12 Noel Robinson “Obituary” Man 45 (September-October 1945) p. 120. The University of British Columbia Library typescript quotes an address by Hill-Tout before “a public body in Vancouver": “I am a Vancouverite myself. I contribute to your revenues both directly and indirectly. I have seen this city, of which we are all so justly proud, grow from a village to her present leading position. My faith in her future has never wavered. I believe she is destined to play a great and important part in the future of this Province and the Dominion.”
13 The words of our epigraph are from the introductory remarks to the report of the Committee for an Ethnological Survey of Canada Report of the British Association for the Advancement of Science 70th meeting (1900) p. 470. The text is unsigned, but was presumably written by the secretary of the Committee, Dr. George M. Dawson.
14 Noel Robinson quoting Hill-Tout in “Most Famous Canadian Geologist Was Very Human” Vancouver Province (5 August 1939). See also John J. Van West “George Mercer Dawson: An Early Canadian Anthropologist” (1976).
15 A letter in the University of British Columbia Library Vagabonds Club manuscripts from Dawson to Hill-Tout, 13 June 1899, thanks him for specimens from Lytton and an “interesting” skull, and encloses $50 for more.
16 In the obituary previously cited Barbeau adds (p. 91): “Left out of the federal field, Hill-Tout, like others, must have felt a bit slighted and at times provoked.
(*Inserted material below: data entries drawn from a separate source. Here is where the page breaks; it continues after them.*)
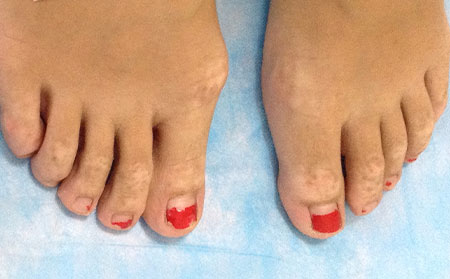 早期白癜風(fēng)癥狀,白癜風(fēng)用什么藥,治療白癜風(fēng)效果怎么樣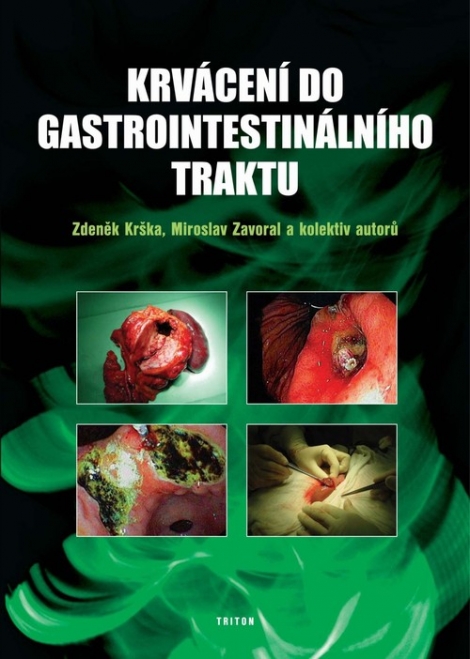 Krvácení do gastrointestinálního traktu - 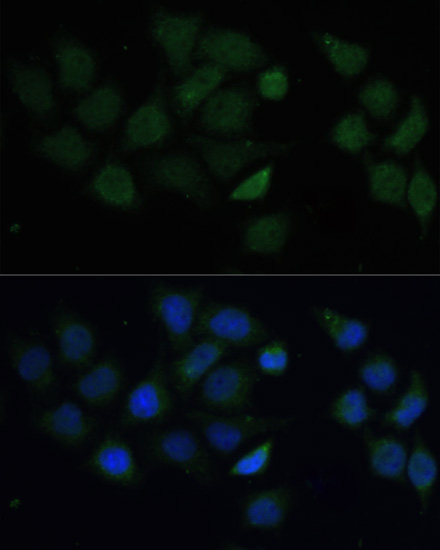 Immunofluorescence - CPT2 Polyclonal Antibody 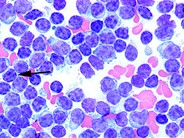 Chronic Lymphocytic Leukemia 3.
This no doubt accounts for the loss of his active participation in the research and writing of later years, outside of purely local matters.” Although Hill-Tout ended his field excursions in 1906 (possibly because of ill-health), he participated internationally, in anthropological meetings and periodicals, until a reasonable retirement age of sixty-five, and only then lowered his sights to the local scene.
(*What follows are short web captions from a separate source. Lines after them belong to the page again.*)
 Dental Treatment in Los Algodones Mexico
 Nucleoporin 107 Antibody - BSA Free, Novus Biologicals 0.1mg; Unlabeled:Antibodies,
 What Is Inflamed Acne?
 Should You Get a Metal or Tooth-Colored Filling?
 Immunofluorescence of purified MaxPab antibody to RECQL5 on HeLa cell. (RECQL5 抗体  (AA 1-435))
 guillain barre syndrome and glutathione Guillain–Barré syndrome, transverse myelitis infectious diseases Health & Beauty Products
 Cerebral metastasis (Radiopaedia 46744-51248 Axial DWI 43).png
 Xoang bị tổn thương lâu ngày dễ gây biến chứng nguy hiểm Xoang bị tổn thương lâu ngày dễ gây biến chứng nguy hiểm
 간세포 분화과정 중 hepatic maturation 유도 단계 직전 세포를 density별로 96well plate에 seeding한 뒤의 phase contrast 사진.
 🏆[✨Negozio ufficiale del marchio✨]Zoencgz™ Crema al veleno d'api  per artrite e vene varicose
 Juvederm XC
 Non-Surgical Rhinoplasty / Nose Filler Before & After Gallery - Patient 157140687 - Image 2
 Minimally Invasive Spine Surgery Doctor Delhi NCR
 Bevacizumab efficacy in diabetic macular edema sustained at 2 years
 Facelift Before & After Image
17 According to a letter of 1 March 1913 (in University of British Columbia Special Collections Library), Professor Goldenweiser, Boas’ colleague at Columbia University, invited Hill-Tout to contribute to an international symposium on Totemism sponsored by the German journal Anthropos, and he is listed in distinguished company in Anthropos 11 (1914) p. 287. The outbreak of war prevented him from fulfilling his agreement to contribute; one suspects a patriotic gesture here.